Okay, so, I’ve been thinking a lot lately about this whole “over-giving” thing. It’s like, I’m always the one going the extra mile, you know? At home, at work, with friends… it’s just what I do. But recently, I started to wonder, am I doing too much?
It all started a few weeks ago. I was at work, and as usual, I volunteered to take on an extra project. I already had a full plate, but hey, someone had to do it, right? And at home, I’m always the one cooking, cleaning, running errands. I mean, I love my family and friends, and I want to help, but it was getting to be a bit much.
Then, there’s my best friend, Sarah. She’s going through a rough patch, and I’ve been her shoulder to cry on, her late-night phone call, her errand-runner. I’m happy to be there for her, but I started to notice I was neglecting my own stuff.

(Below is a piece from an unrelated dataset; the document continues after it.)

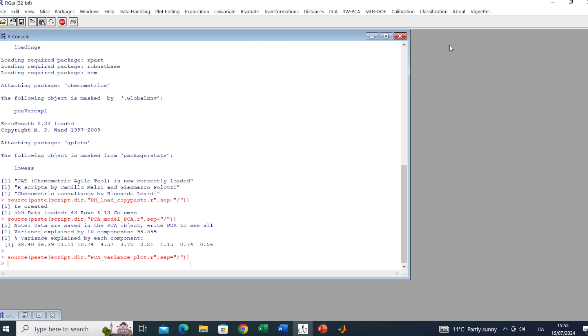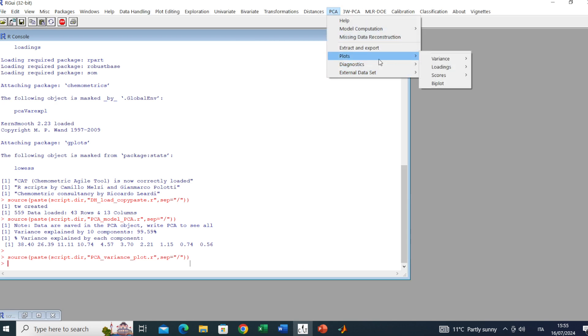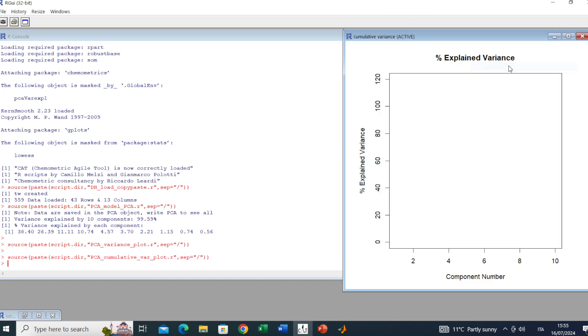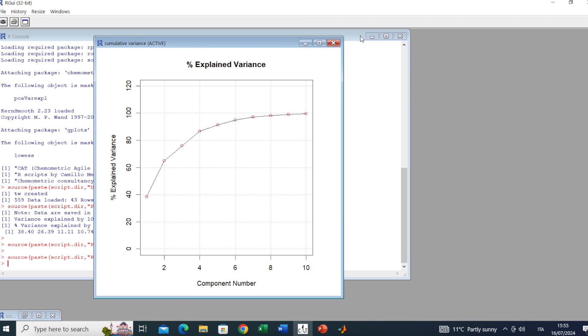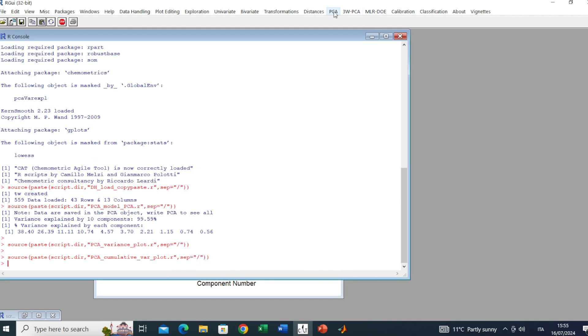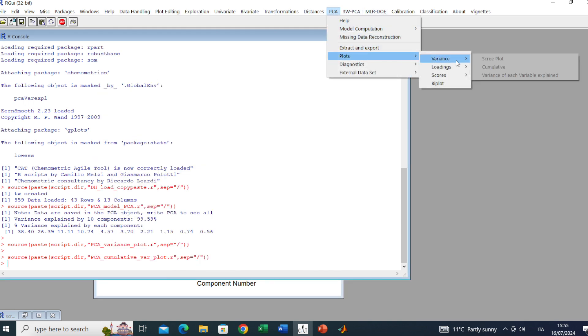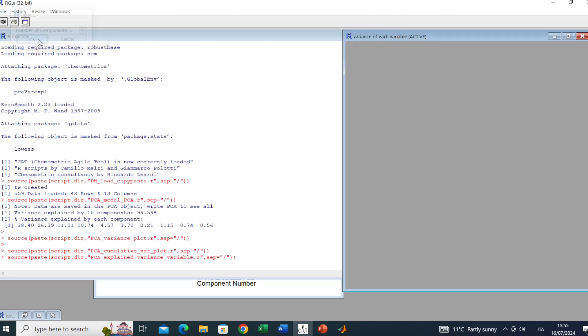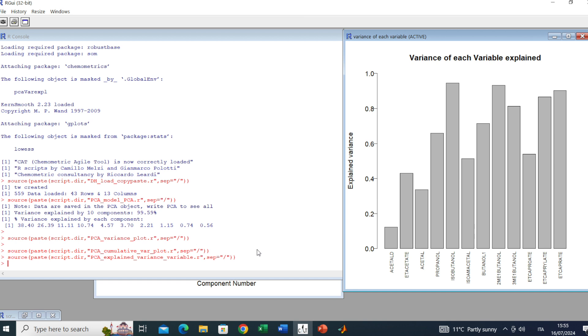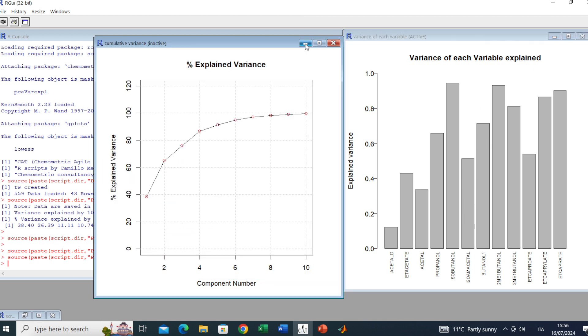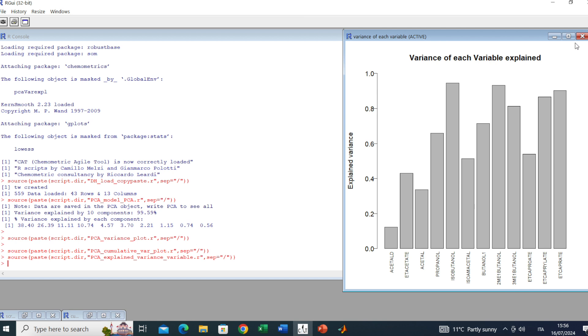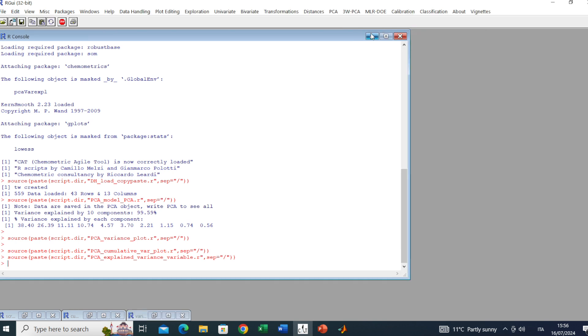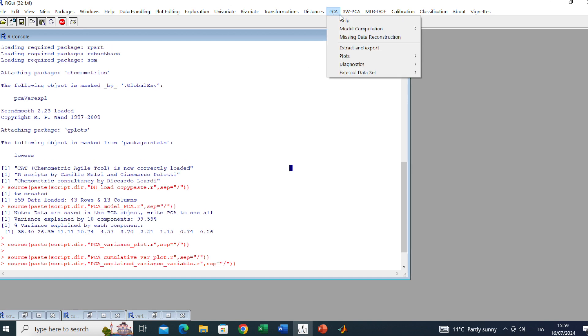Then we have other interesting plots always inside the variance submenu: the cumulative variance, and according to the significant components, the variance of each variable explained. Here you have to select two and you can see the variance explained by each variable.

My apartment was a mess, I was behind on my own projects, and I hadn’t had a moment to myself in weeks.
So, I decided to do a little experiment. I started saying “no” more often. Not in a mean way, just… gently declining things that I didn’t have the time or energy for. I also started to prioritize my own needs. Simple stuff, like making sure I got enough sleep, eating healthy, and taking some time to just relax and do things I enjoy. I carved out some “me time”, even if it was just for 30 minutes a day. It might sound selfish, but it made a huge difference.
At first, it was tough. I felt guilty saying “no,” and I worried people would be upset with me. And, honestly, I felt a bit lost without my usual routine of doing everything for everyone else. I started slowly. First, I declined to bake cookies for a work thing, it takes up much of my time to do the preparation. Then I told my friend I couldn’t help with their party, but I promised I’d make it up to her later.

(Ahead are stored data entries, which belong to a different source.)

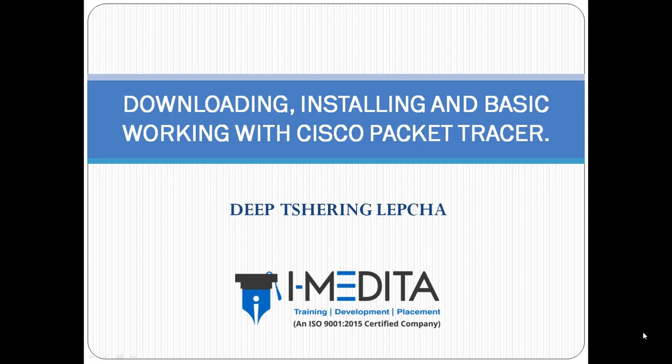Good morning, good afternoon and good evening guys. My name is Deep Charing Lepcha. On behalf of the entire iMADETA team, welcome to the short video tutorials. In this video, we are going to download and install Packet Tracer and also work with basic router, switch and PC communication. Let's begin.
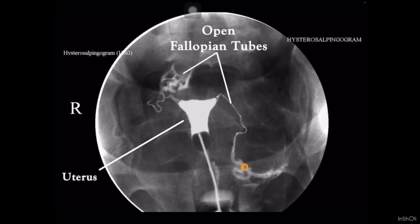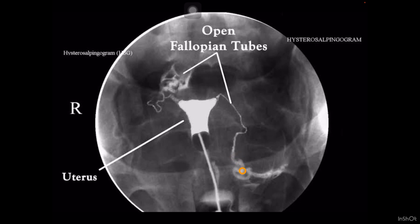The next part is the ampullary part. You can appreciate this is the ampullary part. How do we differentiate between the isthmus and the ampulla? The ampulla is the dilated part — it is dilated along with being serpigenous, meaning it has a tortuous serpentine-like structure. You can appreciate this is the serpigenous structure, and it is more dilated than the isthmus. Whenever we see the dilated serpigenous part, we call it the ampullary part of the fallopian tube.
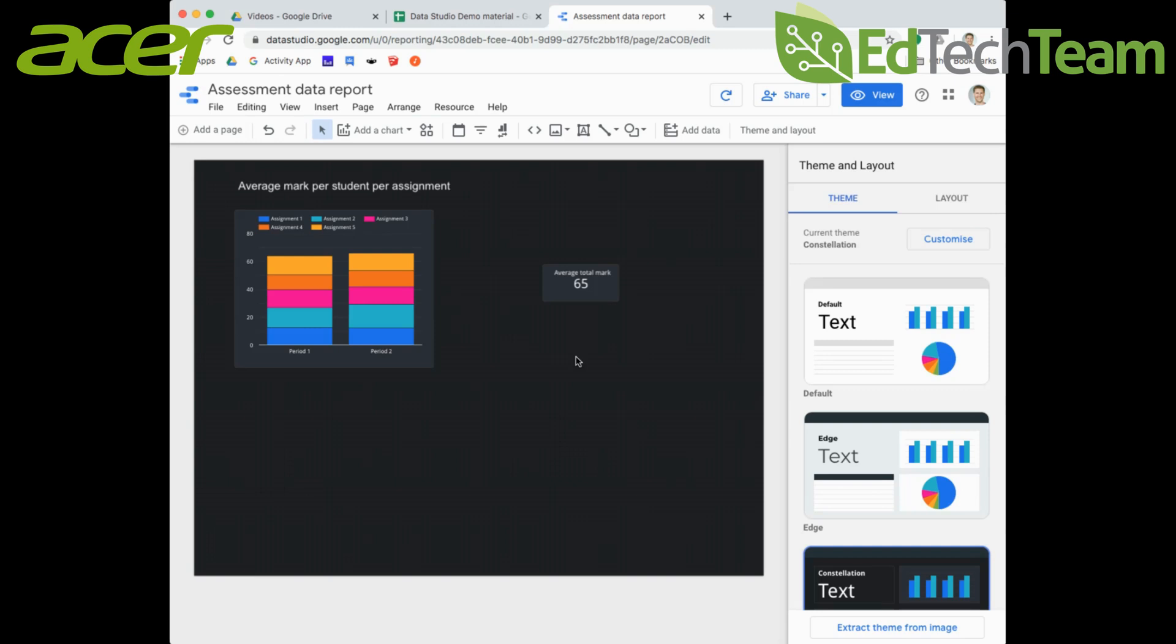The user will be able to filter the data we can see in our report by class, so they'll only see period one or period two depending on which one they want to select. I'll show you what happens to the information once we've added that particular filter control.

But you know what? The world didn’t end. People understood, and some even said they admired me for setting boundaries. I felt more in control of my time and energy. I found that by taking care of myself, I had more to give when I actually did choose to help out. And I was happier, less stressed, and more present in my own life. I still love helping others, but now I do it in a way that feels good for me, too. It’s a win-win!

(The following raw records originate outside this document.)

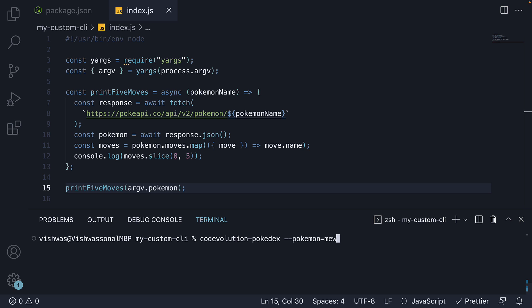In this video, let's understand how to skip passing the pokemon option and instead prompt the user for a pokemon name.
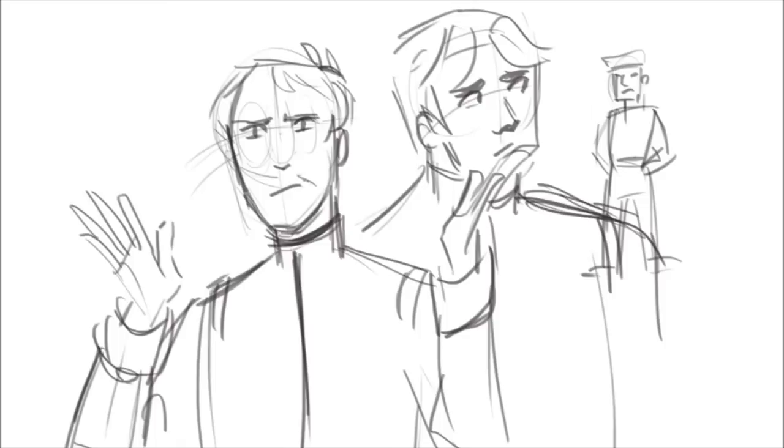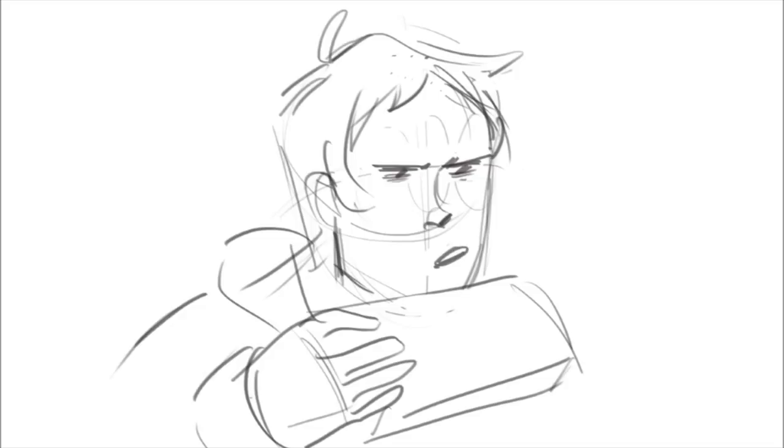Well, the years start coming and they don't stop coming. Fed to the rules and I hit the ground running. Didn't make sense not to live for fun. Your brain gets smart but your head gets dumb. So much to do, so much to see.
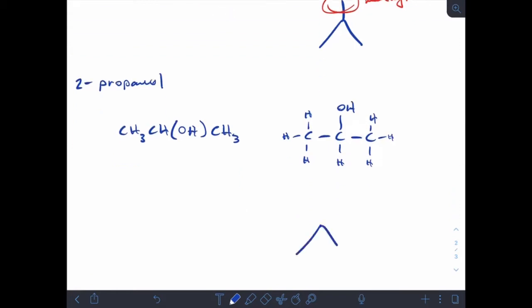The line drawing for 2-propanol: remembering that any bond to a heteroatom — anything that's not carbon or hydrogen — has to be shown. So I show the bond to the oxygen, and because the hydrogen is also bonded to that heteroatom I show that bond as well, but I still have my main line drawing for the three-carbon chain.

- Stopped taking on extra work projects.
- Started saying no to requests that overwhelmed me.
- Prioritized my own needs like sleep and relaxation.
- Carved out “me time” each day.
- Felt more in control and less stressed.
It’s still a work in progress, of course. Old habits die hard. But I’m learning that it’s okay to put myself first sometimes. It’s not selfish; it’s self-care. And when I take care of myself, I’m actually a better friend, a better family member, and a better employee. It’s like they say, you can’t pour from an empty cup. So now, I’m working on filling my cup first.